Nigel and Jack, there's a corollary to Clarke's saying, which is:-

"If it's not indistinguishable from magic, then it's not really advanced."

In other words, a 1920s Model T which requires hand-cranking, manual spark advance and frequent skilled repairs isn't magic. But a modern car which starts at the press of a button, has all the advance/retard and fuelling programmed into its control system, and mostly only requires infrequent ritual offerings of oil and spark plugs - now that's magic!

Bill D, your Asimov story is "The Naked Sun". "Robots of Dawn" is the following book in the series.

My problem with all this is that the most interesting and memorable sci-fi stories are those that just use the different environment to explore "what-if" questions about our own world or to run thought experiments - 1984, Brave New World, Asimov's "robot" stories, Logan's Run, even The Running Man. Take a point of reference from today's world, extrapolate it to its logical conclusion, invent some kind of McGuffin framework to go round it, and see what happens. The ones that go for hard sci-fi inventions (the ones that see the McGuffin as the whole purpose of the story) are mostly deathly boring - I'd submit "Rama" (and damn near every other Clarke novel) as the prime example here.
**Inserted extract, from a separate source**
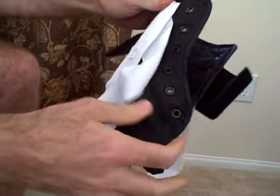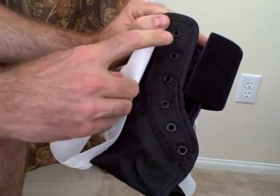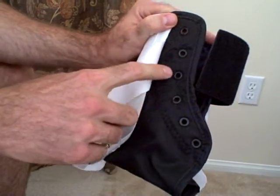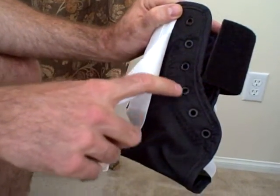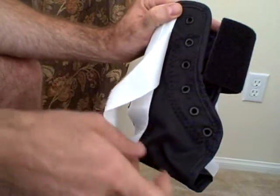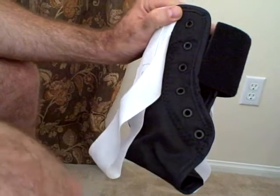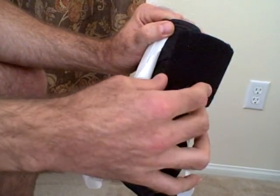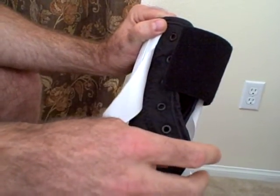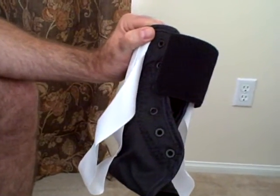The ASO Evo still retains the same construction as the original brace, with the eyelets being evenly positioned down through the front of the brace — seven of them in total. The boot itself is made out of ballistic nylon for enhanced strength, as well as featuring an elastic cuff to close off the front of the ankle brace and cover up all of the laces.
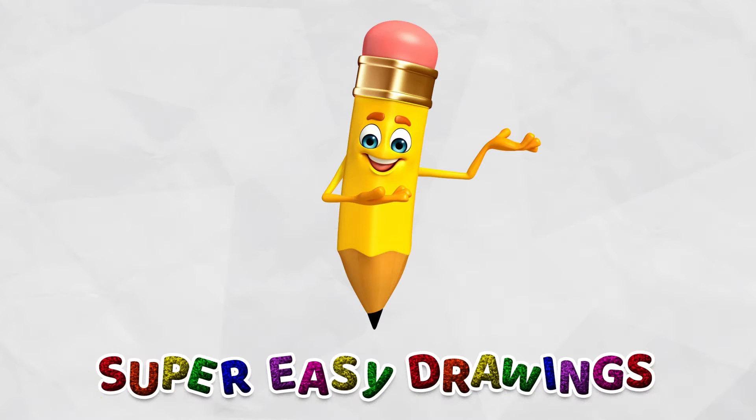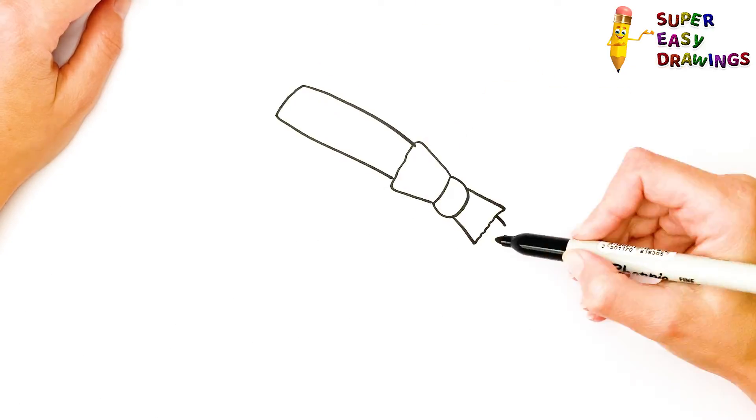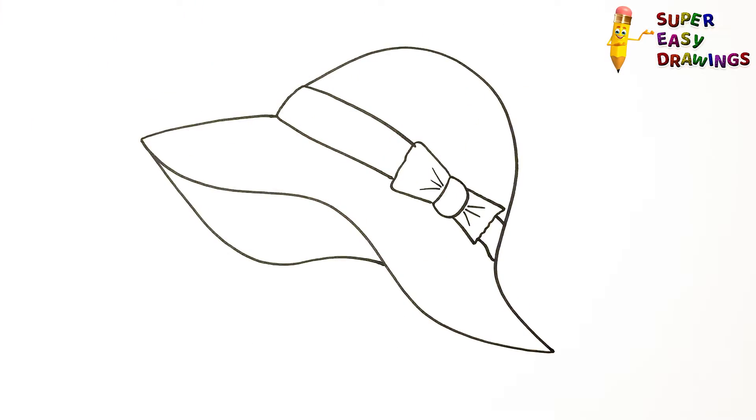Welcome to the Super Easy Drawings Channel! Today, I am going to show you how to draw a woman's hat, step by step. Let's start drawing!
Back to the original thread, check out a book called "The worlds of Robert Heinlein". There's an essay in that where he makes a bunch of predictions (in about 1950), and a followup to that essay to see what went right and wrong. Even things which he got wrong time-wise have often come true. Things which went wrong have mostly been due to cultural or political factors - for example, he predicted that we would have settled the Moon and be on the way to Mars, as maybe we could have been if Apollo-level funding had carried on at NASA (and if NASA knew their arse from their collective elbow!) Another prediction was that houses would be prefabricated and assembled on-site in a matter of hours - this is now entirely possible, but it turns out that ppl prefer the look of traditional-style houses so it's never really made it. I can dig it out and type up what he predicted, if anyone's interested.

Graham.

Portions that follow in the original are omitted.